→ **Exercise instructions**:
Except for images, print the whole listing verbatim.

The data below:

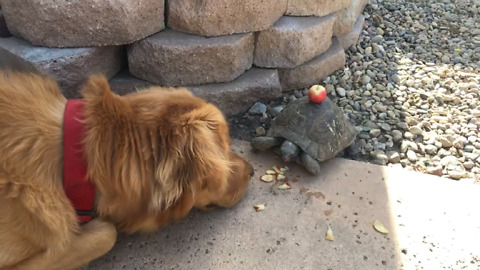 Golden Retriever feeding turtle apples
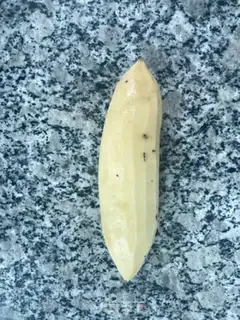 Make Crackers step 1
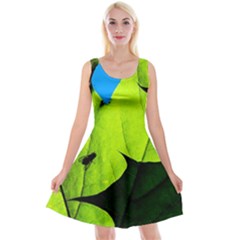 Window Of Opportunity Reversible Velvet Sleeveless Dress by FunnyCow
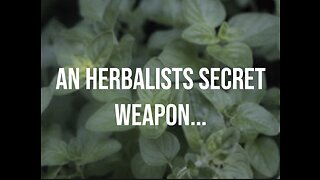Herbalist secret weapon to preserve without tincturing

End of The data.

→ **Result of the exercise**:
 Golden Retriever feeding turtle apples
 Make Crackers step 1
 Window Of Opportunity Reversible Velvet Sleeveless Dress by FunnyCow
Herbalist secret weapon to preserve without tincturing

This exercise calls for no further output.